Wednesday, November 3, 2010

No sense of place

I have recently been reading some Patricia Highsmith novels* from the 1950s and 60s. Three communication media - the old-fashioned letter, the (usually local) newspaper and the telephone - all play very significant roles in these stories. (There is also the occasional telegram - or cable - and books also appear.)

Some of Highsmith's central characters spend a large proportion of their allotted pages planning and writing letters, posting letters, organizing the material for writing more letters, waiting for letters and speculating as to why no letter has come or, more rarely, receiving a letter and analysing the contents. The local newspaper is good for keeping track of whether the body has been found or what stage the police have reached in their investigation. And the telephone looms as large as in the movies of the period.

In their way, each of these media enhances the sense of place and/or the sense of distance from other places. Even the telephone signals the sense of distance by the involvement of an operator.

Patricia Highsmith's world may not be the real world of the 1950s and 1960s - it is a slightly claustrophobic and chilling distillation of reality - but it reflects important truths about the crucial role communication technologies play in weaving a cultural milieu and defining a locality.

As traditional letters disappear from the communication landscape, as print is replaced by digital devices, and the telephone operator is remembered only in the "Operator! Operator!" of old films and TV, we are inexorably losing our sense of place.

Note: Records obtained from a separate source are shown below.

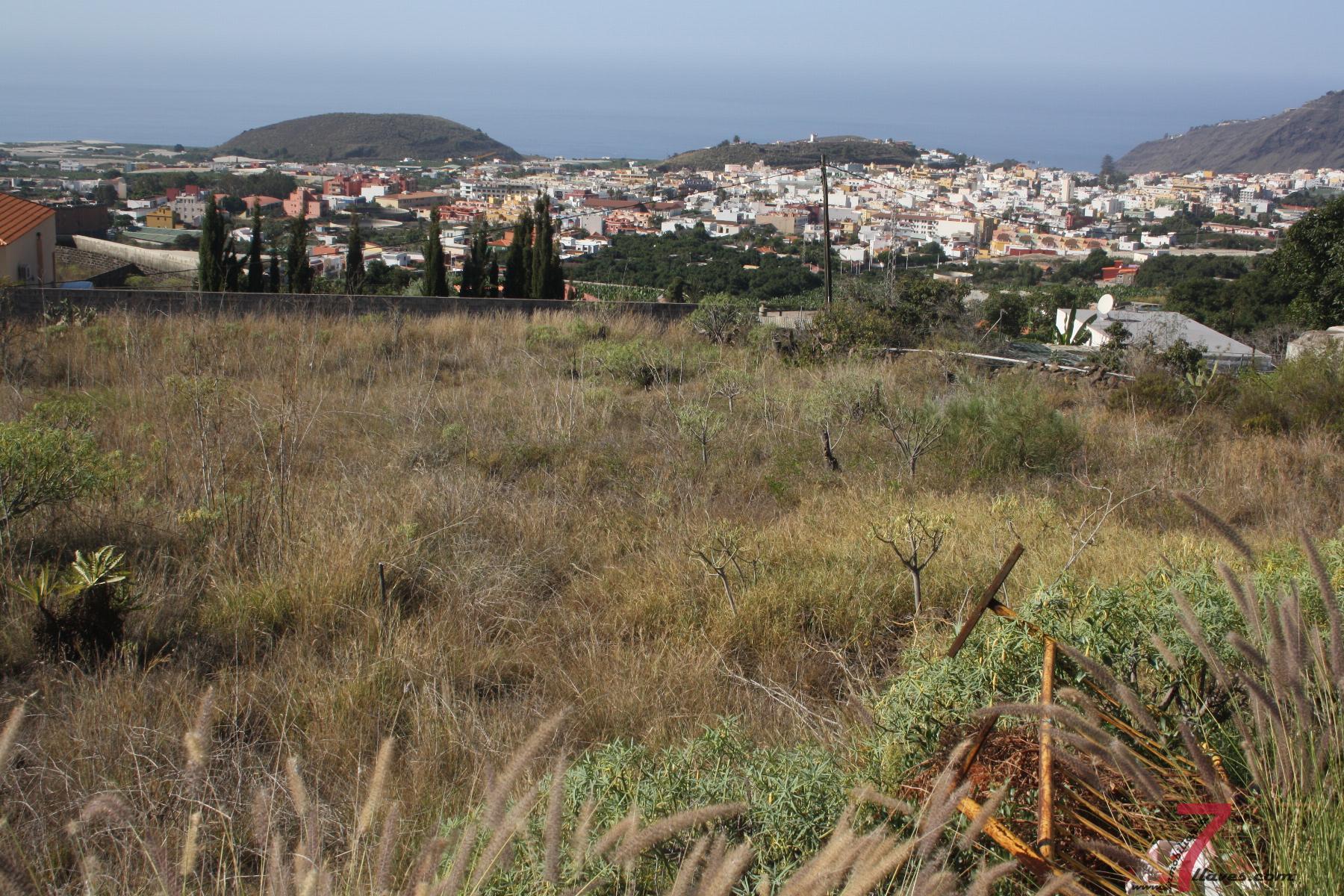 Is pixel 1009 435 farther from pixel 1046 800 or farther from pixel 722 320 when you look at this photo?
pixel 722 320

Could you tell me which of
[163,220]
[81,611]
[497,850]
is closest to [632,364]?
[81,611]

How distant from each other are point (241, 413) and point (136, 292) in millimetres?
5179

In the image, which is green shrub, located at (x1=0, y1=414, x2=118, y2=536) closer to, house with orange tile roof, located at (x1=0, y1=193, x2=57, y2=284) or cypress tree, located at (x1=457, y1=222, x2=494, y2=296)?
cypress tree, located at (x1=457, y1=222, x2=494, y2=296)

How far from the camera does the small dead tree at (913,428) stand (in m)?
6.28

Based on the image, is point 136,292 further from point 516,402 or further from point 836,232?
point 836,232

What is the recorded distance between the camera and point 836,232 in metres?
58.3

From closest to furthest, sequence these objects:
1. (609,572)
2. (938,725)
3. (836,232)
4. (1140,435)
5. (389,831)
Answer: (389,831)
(938,725)
(609,572)
(1140,435)
(836,232)

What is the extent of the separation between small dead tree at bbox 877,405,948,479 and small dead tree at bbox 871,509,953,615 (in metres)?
1.63

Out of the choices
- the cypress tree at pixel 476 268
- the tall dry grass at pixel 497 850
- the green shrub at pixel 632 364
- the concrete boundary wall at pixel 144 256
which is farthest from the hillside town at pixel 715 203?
the tall dry grass at pixel 497 850

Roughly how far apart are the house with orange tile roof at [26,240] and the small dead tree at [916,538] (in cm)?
2162

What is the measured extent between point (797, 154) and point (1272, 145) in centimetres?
8872

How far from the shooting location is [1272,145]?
136125 mm

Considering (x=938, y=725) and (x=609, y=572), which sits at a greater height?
(x=938, y=725)

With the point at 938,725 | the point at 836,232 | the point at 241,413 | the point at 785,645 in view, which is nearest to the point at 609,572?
the point at 785,645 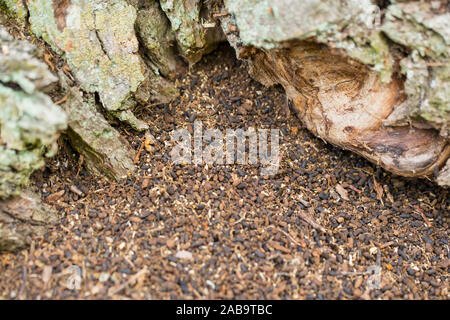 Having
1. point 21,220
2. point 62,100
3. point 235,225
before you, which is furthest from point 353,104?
point 21,220

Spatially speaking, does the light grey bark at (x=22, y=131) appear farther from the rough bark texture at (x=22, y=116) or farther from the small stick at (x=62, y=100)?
the small stick at (x=62, y=100)

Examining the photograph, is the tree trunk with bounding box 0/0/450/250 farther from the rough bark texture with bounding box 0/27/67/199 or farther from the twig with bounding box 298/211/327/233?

*The blunderer, This sweet sickness, Those who walk away and The tremor of forgery.


  1. A loss of the sense of place can also be read as cultural convergence, the homogenization of mass media. On the other hand, the new media also free people separated by distance to form new associations, affinity groups based on shared interests. The more esoteric these interests, the less likely one was in olden times to find kindred spirits. Technology giveth and technology taketh away.

  2. CONSVLTVS, I couldn't agree more. In some ways I regret the loss of the old media, but I see great possibilities also. Technological progress - like capitalism - could be seen as a form of creative destruction ...

  3. Mark, you've made me wonder what a sense of place is. Suppose I live all my life in place X, never travelling, never reading about other places. In that scenario, my sense of place is in some ways strong but in other ways weak. Knowing nothing different from X, perhaps I'm unable to "see" its features as well as if I had travelled and read about other places.

    One of my favourite books is called "Sense of Place", by the late admirable philosopher and geographer George Seddon. It describes a certain region, the Swan coastal plain, right down to the geological level. It's a book written by someone not from that region.

  4. I take your point, Alan. But even in the most isolated places, there has always been at least an imaginative sense of other places (often strange, wonderful, exotic) to contrast with and help define 'home'.

  5. I've never read Patricia Highsmith, but I just finished a Donna Leon novel. Crime fiction seems to be almost as much about places as about plots. Her books are set in Venice. Other examples I can think of: Tony Hillerman in the Navajo lands; Robert B. Parker in Boston; Ian Rankin and Alexander McCall Smith in Edinburgh; Barry Maitland in London. I suppose Conan Doyle was the first to combine crime and place and plot.

  6. Alan, I am not familiar with the names you mention - except the last of course. I could mention Georges Simenon and Colin Dexter, both of whose detectives were extremely localized. The last Morse novel (The remorseful day) seemed good to me, as though the author had worked on it lovingly over a long period of time. P.D. James is another who comes to mind.

    Another thought. It's not just place that matters for authors like Simenon say (though it does and Maigret in New York was no good as I recall), but it's also the metaphysical/moral landscape they create. One is part of the other.

  7. Yes, metaphysical/moral landscape, that's a good way to put it.

    In Tony Hillerman the landscape is physically very large -- with much driving of long distances -- but the presence of sorcery and suchlike define the moral dimension.

    In Donna Leon the landscape is the narrow alleyways of Venice -- trips on the police launch are regular events -- but the moral dimension is one of political corruption.

    Both authors create morally credible heroes: one happily married with likeable teenage kids, one unable to find the right partner who will share his isolated half-Navajo half-Western life.

    One day I will get back to reading Simenon.